Estos últimos dias he sufrido la agresión visual de dos o tres pseudo-artistas, de esos que traen los suplementos "culturales" de prensa, de los que salen en la sección de "cultura" de los diarios digitales y demás. Abominable es decir poco si hubiera que decir, porque el lenguaje sufre el desgaste por el abuso en estas circunstancias (en todas). No diré los nombres de los fantoches embaucadores, que bastante propaganda tendrán ya. Para estos casos reivindico y procuro practicar la profilaxis de la damnatio memoriae, tan sana. Tapar la boca y barrer basuras sin dejar rastro.
Algunos se han indignado porque las "obras" de uno de esos estafadores se han expuesto en Versalles. Seguramente que son algunos de los que hace unos años aplaudieron lo de la "pirámide" de aluminio y metacrilato en la cour de Le Louvre. Otra vez lodos hodiernos de polvos de ayer.
Una de las más desasosegantes pruebas del "fondo" cultural de nuestro Occidente es esa instalación profesional de las "vanguardias" en los "circuitos del arte"...y su mercado. Un mercado que merecería una peli de género "mafia", con sus capi di tutti capi y sus maniobras (de las "mamma" y hembras galeristas sólo diré que están a medio camino entre las Gorgonas y las muñecas de comic y graffiti, hechiceras de la mala casta de Circe, por lo menos. En España sufrimos unas cuantas dignas de exposición y museo de cera).

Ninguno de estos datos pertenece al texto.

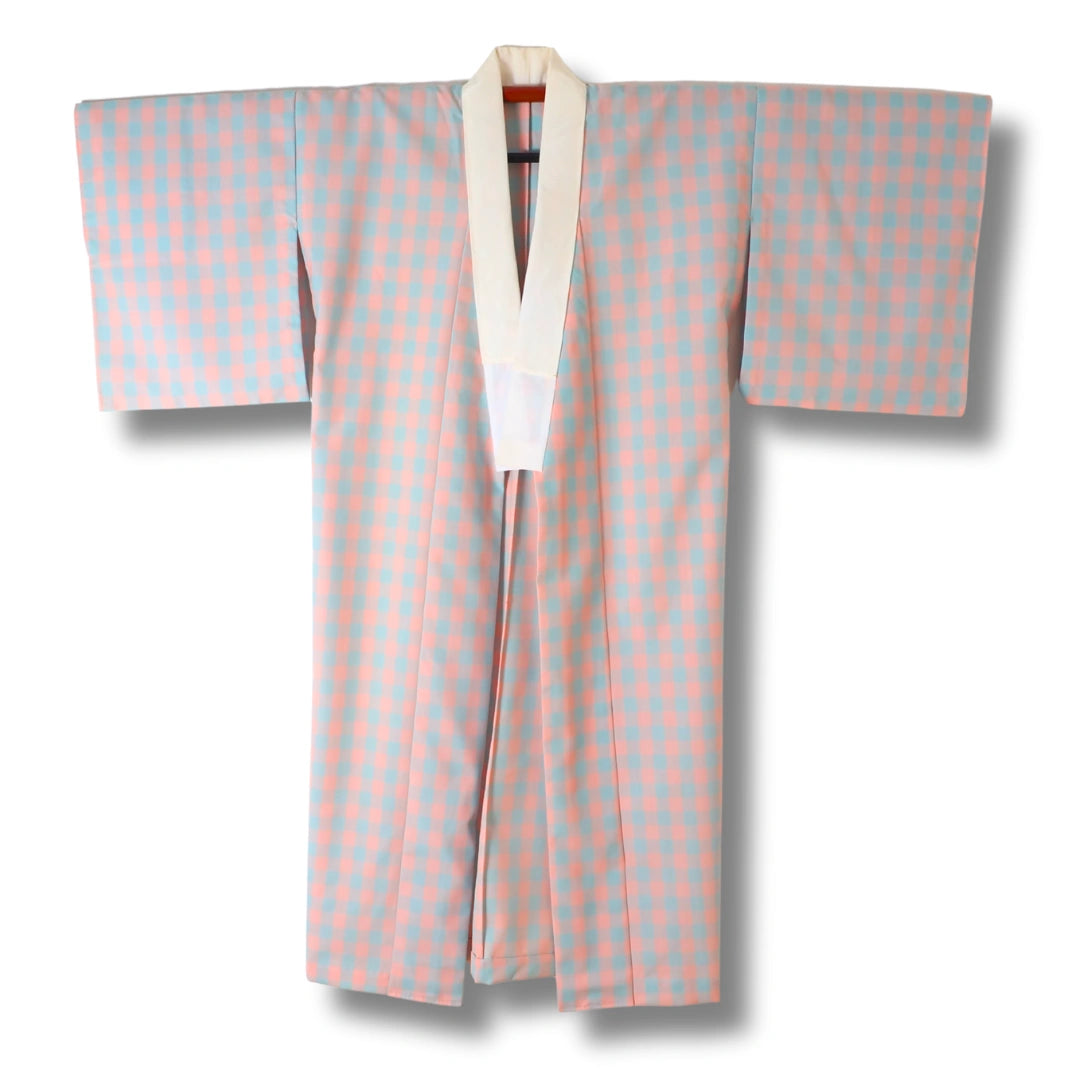 Vintage Daman Naga Juban kariert in Rosa & Mint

No recuerdo bien cuando descubrí el valor de lo fragmentario a la hora de medir la consistencia y la calidad de algo. Quizá cuando estudiaba bachillerato y me embebía las ilustraciones del Pijoan. El arte verdadero, el indiscutible, permance siempre en la obra hasta tal punto y con tanta intensidad que un fragmento te emociona a pesar de ser la parte restante de un todo muchas veces perdido y hasta desconocido. Un trozo de cerámica, el fragmento de mármol o bronce de una estatua, un retazo de pintura mural, de un fresco, de una tabla, de un mosaico...Todo eso que a pesar de ser un mínimo conserva y transmite toda la grandeza de lo que fue, concentrado en una partícula que es significativa y valiosa estética-artísticamente. Y el que sepa el arte, sabe lo que digo.
No sólo me refiero a las artes plásticas, también digo lo mismo de la música o la literatura. Basta un fragmento para reconocer lo bueno, lo verdadero, lo bello. Un trozo de papiro escrito, una página de música con unos compases pautados, una hoja con unos versos corregidos y retocados. Un universo de belleza en un poco, un detalle.

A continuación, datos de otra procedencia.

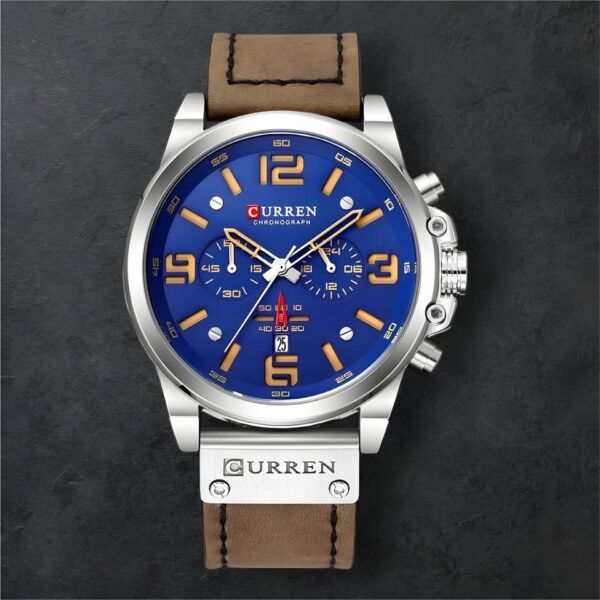 Reloj Curren 8314 Marrón Fondo Azul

Con los adefesios expuestos de esos dos timadores que decía, merecería hacer en público la "prueba del fragmento". Uno exponía un becerro embalsamado dentro de un cubo de metacrilato, con las pezuñas y los cuernos dorados con pan de oro: Que le corten una pezuña y que la pongan entre la basura, a ver quién es el mentecato que descubre "arte" y distingue el desperdicio corriente de la pezuña bovina del pseudo-artista. Otro expone figuras de goma y plástico hinchado, como globos de feria; que corten el invento y que dejen la goma o el plástico desinflado en una esquina, a ver quien recoge ese "arte" y se lo lleva a casa para "contemplar". El exámen del fragmento, como una prueba de dopping, un contraste de falsedad.
En Sevilla es legendaria la anécdota del "Bronce Carriazo". Una pieza de ese enigmático y poco estudiado "Arte Tartésico" que Don Juan de Mata Carriazo descubrió entre los cachivaches de un puesto del Jueves, en la calle Feria. El chamarilero se lo vendió creyendo que era el adorno suelto y oxidado de una cama vieja. El sabio supo distinguir un fragmento y su valor, casi como un personaje de una parábola evangélica.
Un mundo confuso y abyecto, donde faltan connaisseurs, sobran tunantes, y escasean las obras "fragmentables" de verdad, bondad y belleza, esas que resisten el exámen inexorable de una parte respecto al todo:
Lo magnífico y espléndido de verdad, es también toda su verdad en un fragmento reconocible.